Wat is effectieve vraag?
In een economische studie vertegenwoordigt de totale vraag de totale waarde van goederen en diensten die consumenten moeten kopen om een markt in evenwicht te houden. In evenwicht is het aanbod van goederen exact gelijk aan de vraag, dus er zijn geen tekorten of overschotten. Deze evenwichtsvraag wordt ook wel notationele vraag genoemd en vertegenwoordigt een grotendeels theoretische waarde. Voor een realistischere benadering vertrouwen economen op een effectieve vraag. De effectieve vraag geeft de totale waarde weer van producten die consumenten daadwerkelijk voor een bepaalde prijs kopen, in plaats van de waarde van producten die nodig zijn om een evenwicht te bereiken.
Aan het begin van de 19e eeuw werd economische studie gedomineerd door het idee dat het aanbod de vraag dicteerde. Volgens een algemeen aanvaarde economische theorie uit deze periode die bekend staat als Say's Law, zal het niveau van de totale vraag exact gelijk zijn aan de hoeveelheid product die fabrikanten kiezen om te produceren. Een criticus van deze theorie was Thomas Robert Malthus, een econoom die argumenteerde dat de wet van Say leidde tot economische recessies. Malthus geloofde dat bedrijven die ervan uitgingen dat consumenten zouden kopen wat ze wilden maken, uiteindelijk teveel producten zouden produceren, of de verkeerde producten. Wanneer consumenten deze producten niet kochten, zou de economie krimpen, wat leidde tot een recessie.

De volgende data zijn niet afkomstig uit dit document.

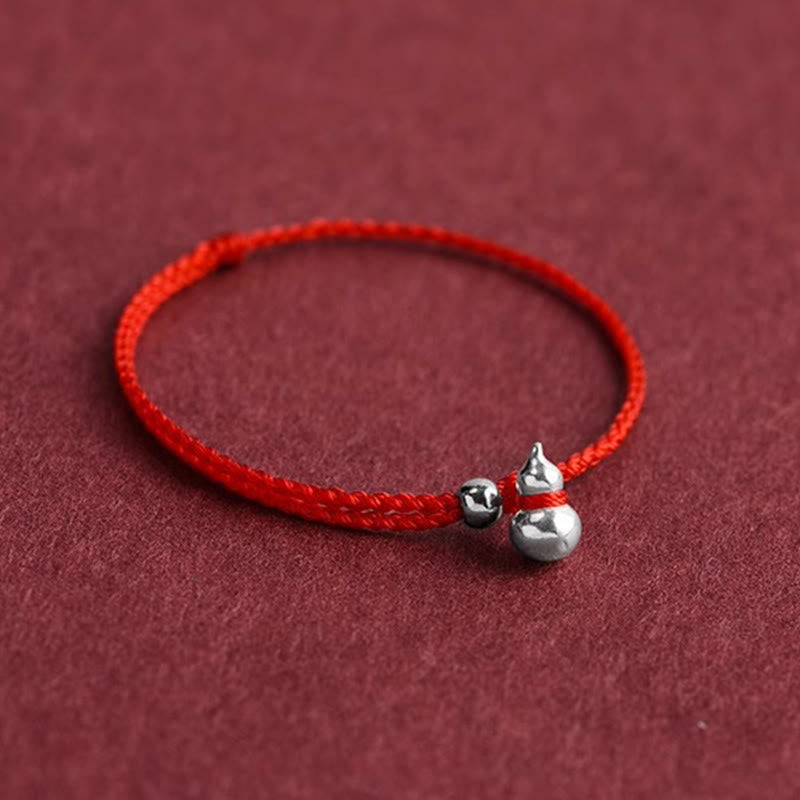 Fortune Jewel 925 Sterling Silver Gourd Lucky Fortune Charm String Connection Bracelet - Fortune Jewel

De theorie van Malthus werd grotendeels genegeerd voor de volgende eeuw, en de wet van Say bleef de dominante theorie. Pas in de jaren dertig publiceerde John Maynard Keynes nieuw werk in de economie waarin Say's Law werd verworpen en het concept van effectieve vraag werd omarmd. Volgens Keynes creëert vraag aanbod, in plaats van andersom. Theoretisch ontstaat evenwicht wanneer het totale aanbod en de totale vraag gelijk zijn. Nadat de belangrijkste werken van Keynes waren gepubliceerd, begonnen economen te begrijpen dat het in de echte wereld aan de consumenten was om de totale vraag te stellen, waardoor leveranciers moesten reageren door het juiste niveau van het totale aanbod op basis van deze vraag in te stellen.
Het concept van de effectieve vraag kan grafisch worden geïllustreerd met behulp van een geaggregeerde uitgavenfunctie, die het verband toont tussen productiesnelheden en uitgaven. Als de wet van Say waar zou zijn, zouden de uitgaven met één eenheid stijgen voor elke productiestijging. In plaats daarvan illustreert de geaggregeerde uitgavenfunctie dat voor elke productie-eenheid een stijging van de uitgaven met minder dan één volledige eenheid. Dit helpt het concept van de effectieve vraag te illustreren en weerlegt het idee achter de wet van Say. In plaats van simpelweg te kopen wat leveranciers produceren, kiezen consumenten hoe ze hun geld willen uitgeven, en kunnen beslissen om het helemaal niet uit te geven als het aanbod niet overeenkomt met de vraag.